(Raw data Opens)
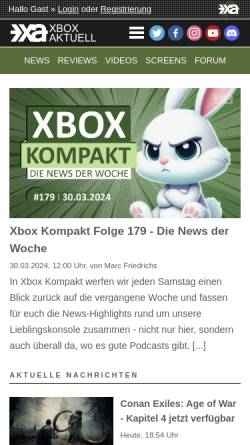 Vorschau der mobilen Webseite www.xboxaktuell.de, Xbox Aktuell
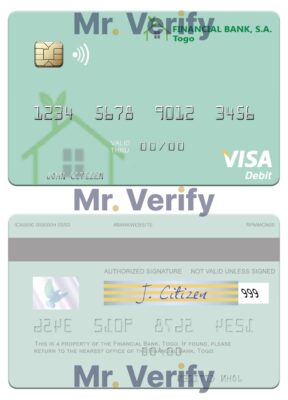 Editable Togo Financial Bank visa debit card Templates in PSD Format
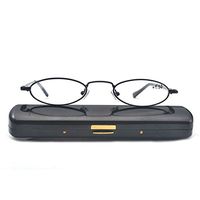 MINCL/Ultra - light portable reading glasses men and women metal reading glasses with case 44mm (black, 2.5)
(Raw data Closes)
Assignment: The line with "Editable Togo Financial" marks the start, and the last line of the material marks the end. Reproduce exactly those two lines and every line between them, without the pictures.

Written answer:
 Editable Togo Financial Bank visa debit card Templates in PSD Format
 MINCL/Ultra - light portable reading glasses men and women metal reading glasses with case 44mm (black, 2.5)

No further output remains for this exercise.